Sleuth (2007)
7/10
Sleuth According to Harold Pinter
17 November 2007
Warning: Spoilers
This is one of those cases in which it is impossible to talk about the film in question without making references to the original. The original was a pleasant enough and entertaining enough recreation of the Anthony Shaffer Broadway success. Then, Joseph L Manckiewicz, with the able complicity of Laurence Olivier and Michael Caine, went for the gadgetry and deception that made the play a world wide success without adding or detracting much from the original. Now, Jude Law, producer as well as star, approached Nobel laureate Harold Pinter to reinvent the whole thing and reinvented he did. Michael Caine takes now the Laurence Olivier part and Jude Law falls into the Michael Caine part, perfectly. The elements are now cruder: the language, the set, the wardrobe. Thankfully, it's also shorter, much, much shorter. What's missing is the innocence. This time things are taken a bit too seriously. The homosexual element is a novelty but, I must say, not a surprise. Jude Law exudes sex. It's impossible to put him in a confined environment with just one other person and not be sensitive to the sexual possibilities.

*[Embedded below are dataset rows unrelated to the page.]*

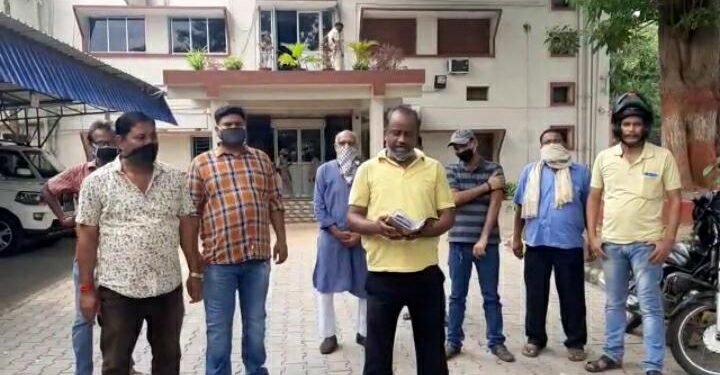 एसएसपी से मिले छोटा गोविंदपुर के लोग, थाना से सटी जमीन पर अतिक्रमण की शिकायत एसएसपी से मिले छोटा गोविंदपुर के लोग, थाना से सटी जमीन पर अतिक्रमण की शिकायत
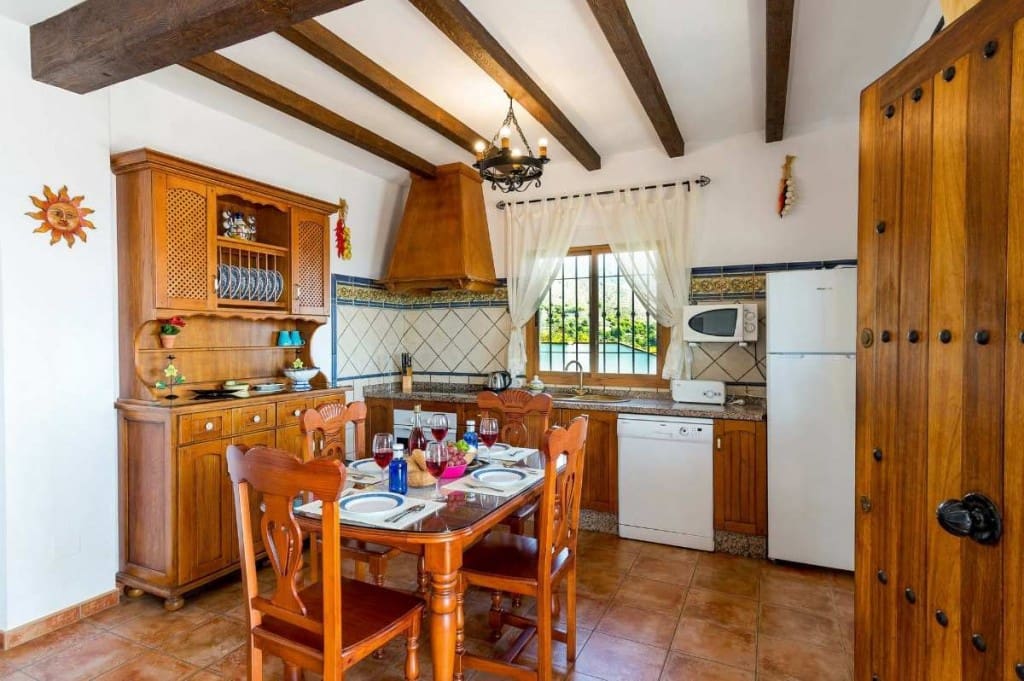2 soverom Villa til leie i Nerja med svømmebasseng garasje - € 1 800 (Ref: 5173520)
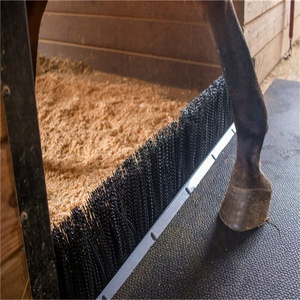 <span class=keywords><strong>Brosse</strong></span> <span class=keywords><strong>de</strong></span> protection contre les copeaux à <span class=keywords><strong>profil</strong></span> <span class=keywords><strong>bas</strong></span> pour portes <span class=keywords><strong>de</strong></span> box à chevaux, utilisation intérieure ou extérieure - Product Image 4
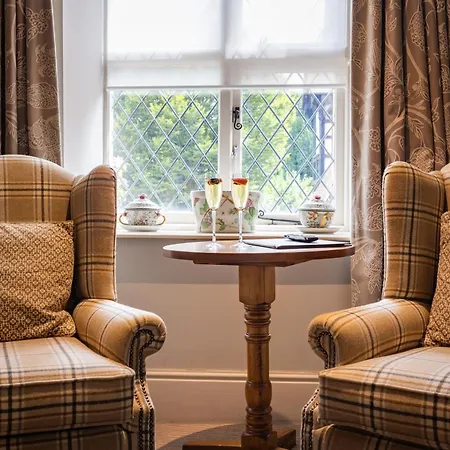 The Red Lion Hotel-2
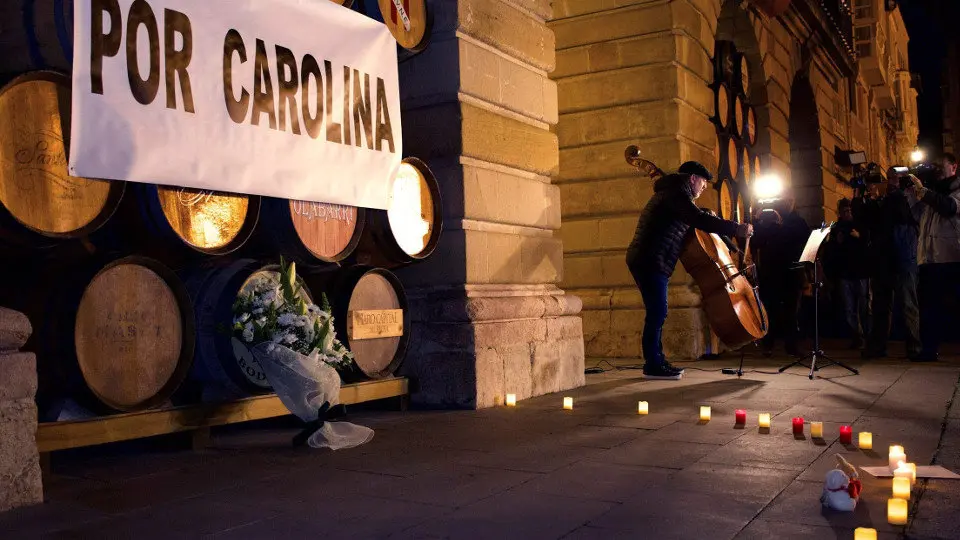 Concentración por Carolina, en recuerdo de la niña de 5 años que fue hallada muerta el lunes en la habitación de un hotel de Logroño. EFE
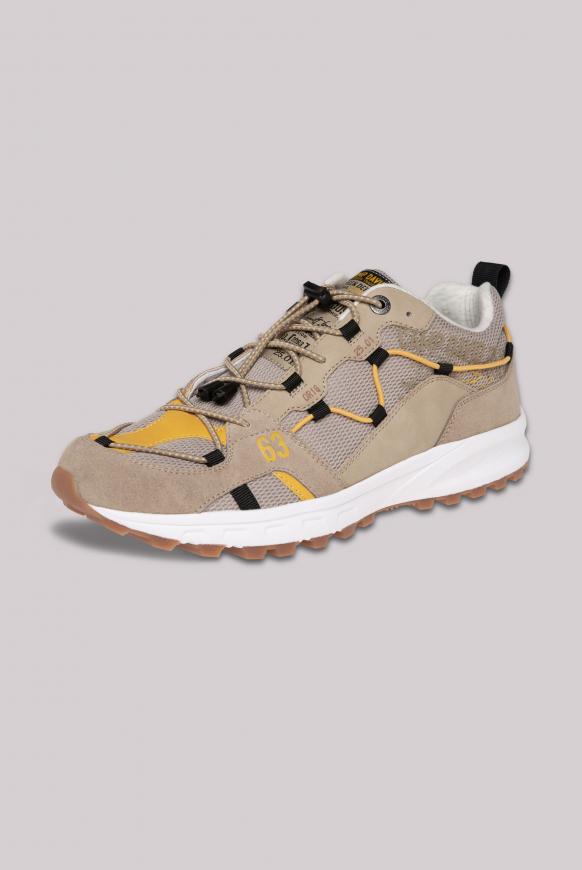 Hiking Sneaker mit Mesh-Struktur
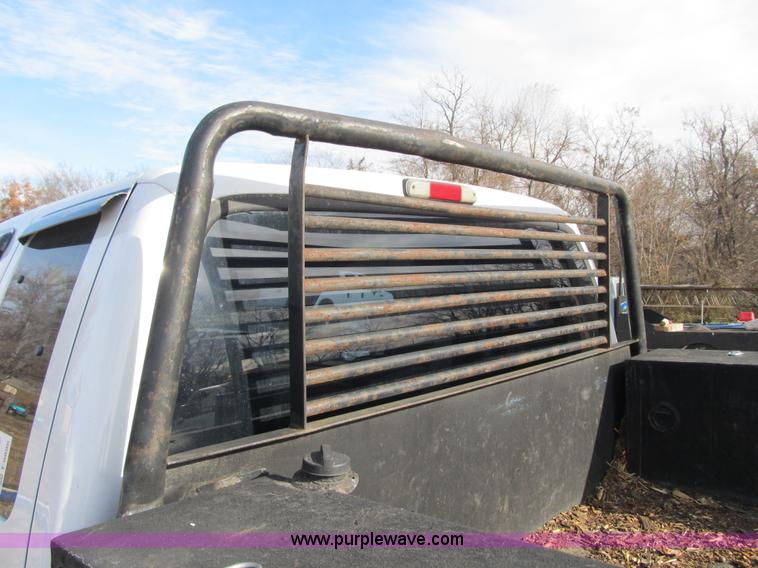 image for item F8896 2002 Ford F250 Super Duty XL flatbed pickup truck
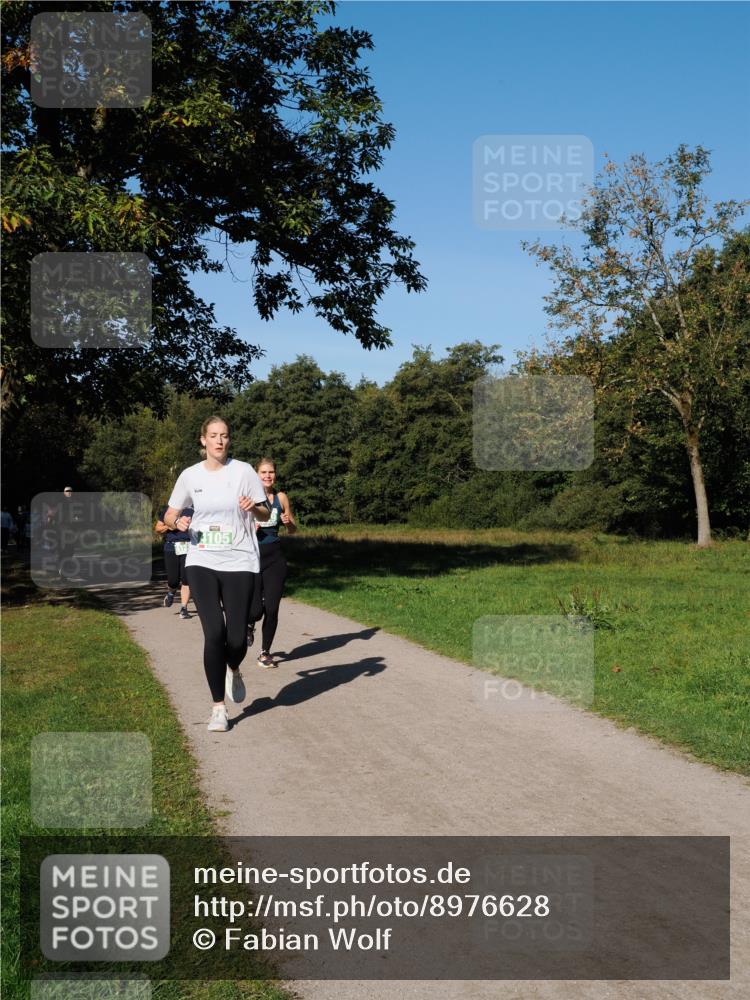 28.09.2025 - 33. Volkslauf durch das schöne Alstertal Fabian Wolf http://msf.ph/oto/8976628 28.09.2025 10:40:23 Laufen 4105 meine-sportfotos.de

He provokes without half trying. He plants sexual ideas in your mind and you feel compelled to break rules and go for it. His Lord Alfred Douglas was a triumph because of that. You understood Oscar Wilde's journey of self destruction just because Jude Law was his navigator. Kenneth Brannagh's theatrical touch works beautifully here and the two actors are worth the price of admission and more. So, at the bottom of all this chatter there is a recommendation. If it had been up to me however I wouldn't have gone to Harold Pinter for the revamping of this minor classic but to Alan Ayckbourn, Alan Bennett or even Tom Stoppard, but that's just me.